The receivers are taken to a special room and entirely submerged in large wooden troughs filled with water in order to drive off inflammable gases still contained in them and to cover the phosphorus with water. They should be opened only after this has been done, and every manufacturer should rigidly enforce the rule of carrying on the operation in the above-described manner. Crude phosphorus is very inflammable, and when carelessly handled by the workmen may inflict horrible burns and, as the phosphorus as a rule causes blood-poisoning, such injuries generally cause death.
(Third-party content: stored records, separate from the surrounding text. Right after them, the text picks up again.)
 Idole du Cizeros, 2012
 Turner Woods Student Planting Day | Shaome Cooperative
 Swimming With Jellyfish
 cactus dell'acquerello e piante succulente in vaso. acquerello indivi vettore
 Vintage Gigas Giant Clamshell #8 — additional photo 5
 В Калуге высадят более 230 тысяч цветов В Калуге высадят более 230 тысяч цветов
The phosphorus is then removed from the receivers (always under water). The trough in which this operation is effected should be provided, a few inches above the actual bottom, with a perforated false bottom upon which the receivers are placed. The larger pieces of phosphorus taken from the receivers are collected, under water, in special vessels, while the smaller pieces fall through the perforations of the false bottom to the actual bottom. When all the receivers have been emptied, the water in the trough is discharged into a large barrel in which it remains until the particles of phosphorus have subsided. The water is then drawn off, with the exception of a sufficient quantity to cover the phosphorus in the barrel.
The water from the receivers as well as from the troughs shows a quite strong acid reaction due to phosphoric acid, which has been formed by the combustion of phosphorus and passed into solution. In order not to lose this phosphoric acid, the water is partly used for filling the receivers and partly for mixing the bone-ash before adding the sulphuric acid.
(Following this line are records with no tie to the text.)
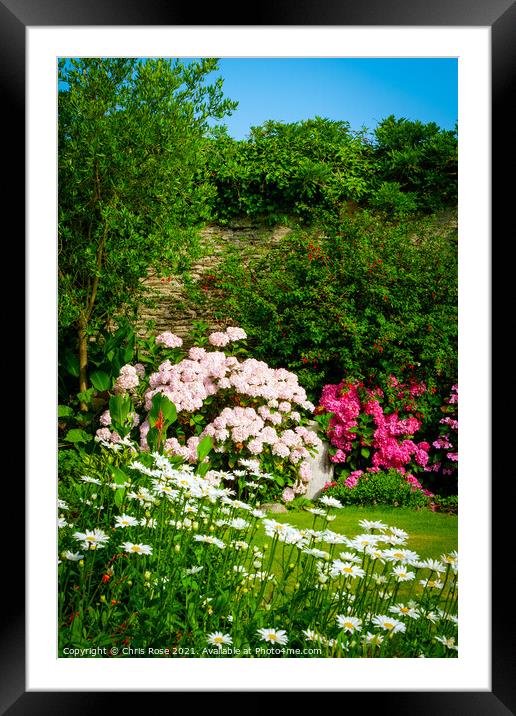 Colourful summer cottage garden border Framed Mounted Print by Chris Rose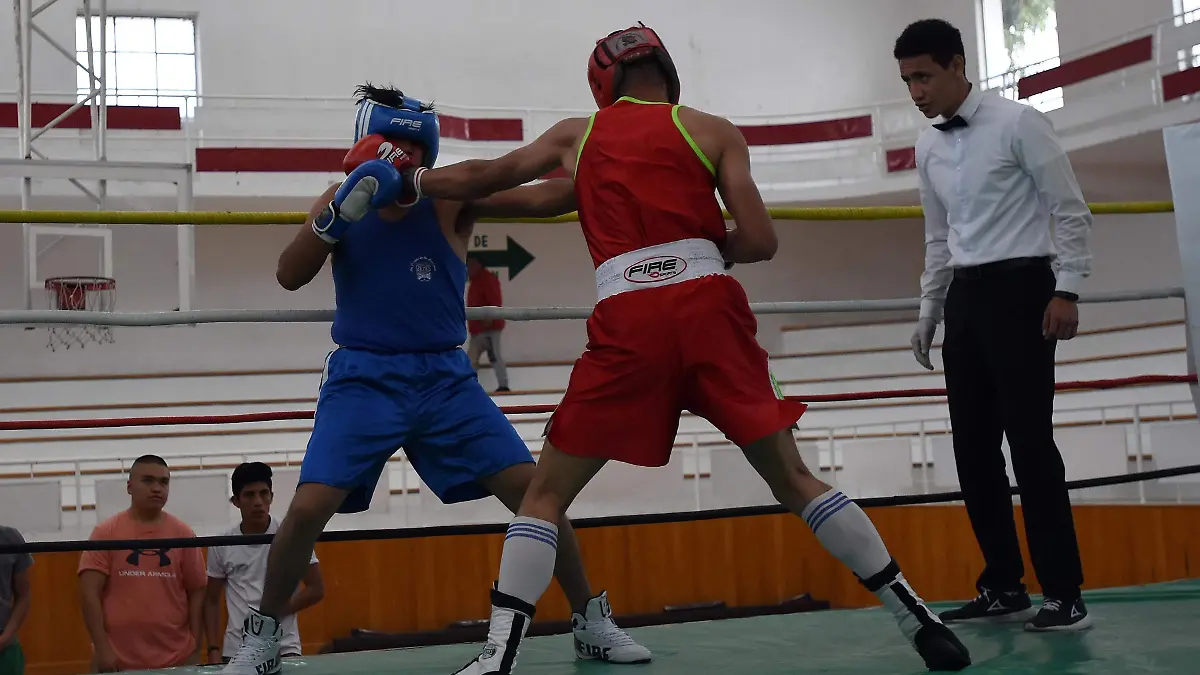 Boxeo2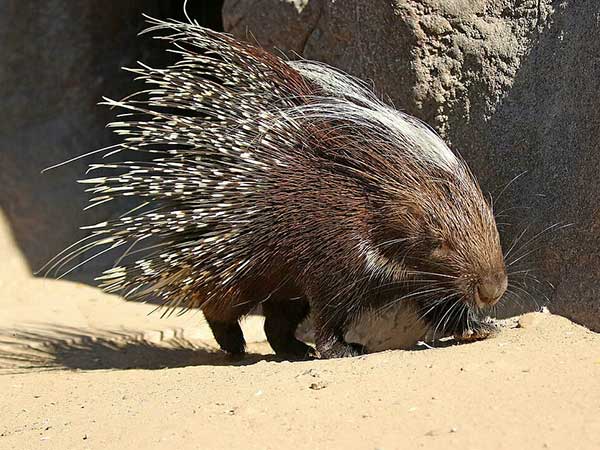 Cape Porcupine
Crude phosphorus is a mixture of crystalline (ordinary) phosphorus with amorphous phosphorus, the reddish color of the mass being due to the latter. It further contains phosphorus in various stages of oxidation, free carbon, and if impure sulphuric acid has been used, arsenic in combination with phosphorus.
_Refining and purifying the phosphorus._ The crude phosphorus was formerly purified by forcing it through the pores of stout wash leather by means of a machine. The crude phosphorus contained in a tightly tied piece of wash leather is placed on a perforated copper support situated in a vessel filled with water at 122° to 140° F. As soon as the phosphorus is molten, there is placed on the wash leather a wooden plate which by the aid of a mechanical arrangement and a lever can be forced downwards so as to cause the fluid phosphorus to pass through the pores of the leather, the impurities being retained. The phosphorus in the form of a slightly yellowish fluid collects on the bottom of the vessel and is immediately moulded into the shape in which it is brought into commerce. The residue in the wash leather consists chiefly of charcoal dust and amorphous phosphorus. The wash leather can, as a rule, be only used once, and only small quantities of phosphorus can be worked at one time.
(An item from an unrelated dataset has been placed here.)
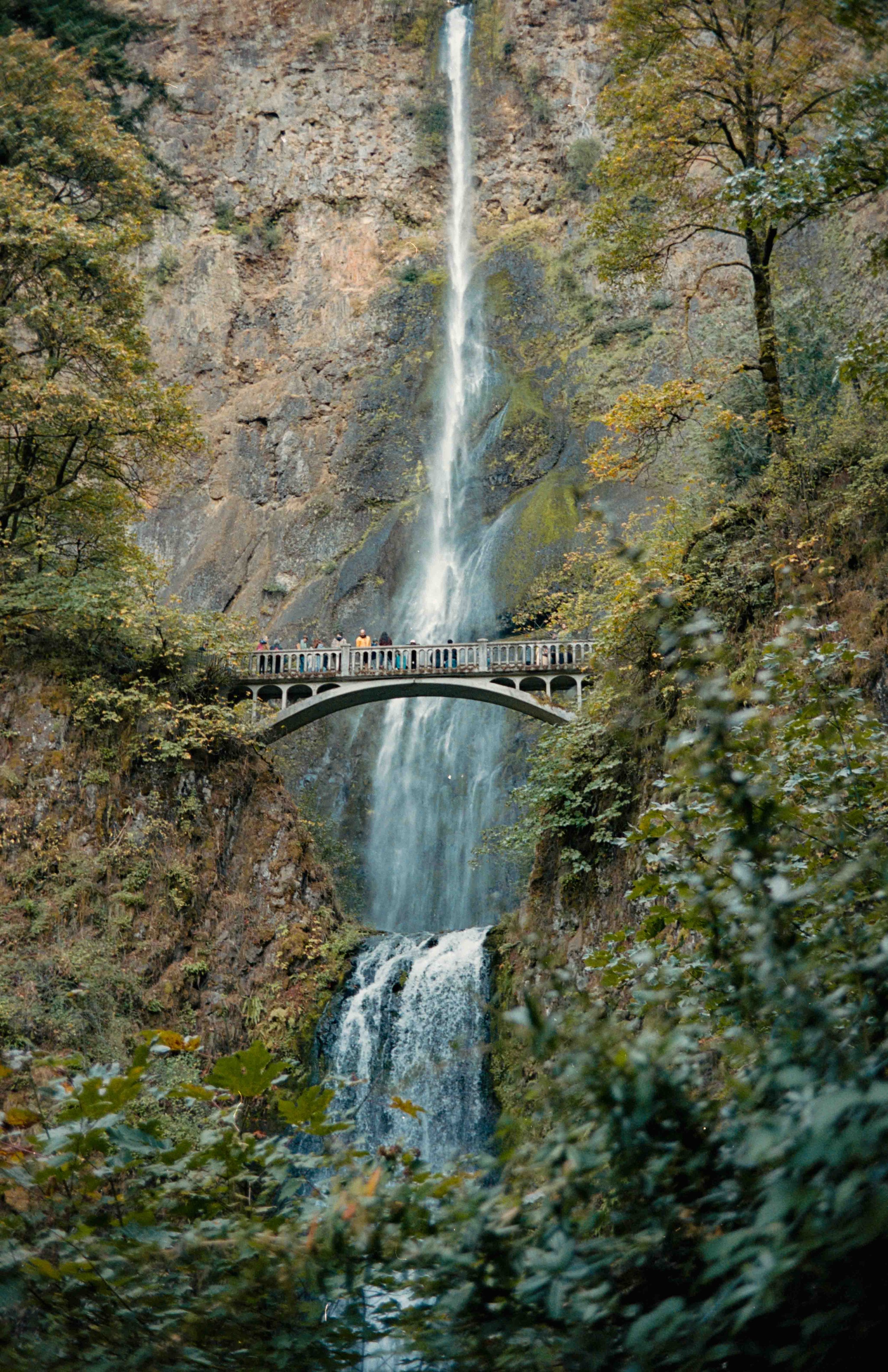 pnwbts--56.jpg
A more suitable process of purification is as follows: Porous, unglazed porcelain or earthenware plates are fixed in an iron cylinder connected with a steam boiler. The cylinder having been hermetically closed is placed in a vessel containing water at 140° F. When the phosphorus is molten, steam of a few atmospheres’ pressure is admitted into the cylinder, the phosphorus being thus forced through the earthenware plates.
The phosphorus obtained by either of these methods is free from mechanically admixed particles of charcoal and amorphous phosphorus, but it is by no means pure, as all the substances dissolved in it (oxides of phosphorus) pass through the filter. The loss of phosphorus amounts to from 5 to 6 per cent. of the weight of the crude product. The masses taken from the filter plates are therefore collected and subjected by themselves to distillation in order to obtain the phosphorus contained in them.
To obtain pure phosphorus, the crude product has to be subjected to distillation, this operation being carried on in iron retorts of a peculiar make, and shaped like the glass retorts used in chemical laboratories. The necks of these retorts dip to a depth of ½ to ¾ inch in water contained in a basin filled to the rim so that any phosphorus which is discharged into this water causes it to overflow. The crude phosphorus having been fused under water is next mixed with 12 to 15 per cent. of its weight of moist sand, and this mixture placed in the retorts, the object of the mixing with sand being to prevent the phosphorus becoming ignited during the filling of the retorts.
Fig. 54 shows a distilling apparatus. In consists of a cast-iron retort, _K_, fitted with a cast-iron dome, _H_, the joint being made tight by means of clay and screws. The dome, _A_, tapers to a cone and terminates in a wide glass tube, _R_, bent at a right angle, and having at the mouth a diameter of about 2⅓ inches.
This dome, _A_, dips ¾ inch deep in water contained in the copper gutter of the receiver filled to the brim. The copper receiver, _P_, stands in water. It contracts below in the form of a funnel, and terminates in a pipe closed by a cock, _G_, to which is fitted a glass tube bent at a right angle.
The retort having been filled with the mixture of crude phosphorus and sand, the dome, _H_, is placed in position and the apparatus brought into the furnace. The dome is then connected with the condensing apparatus.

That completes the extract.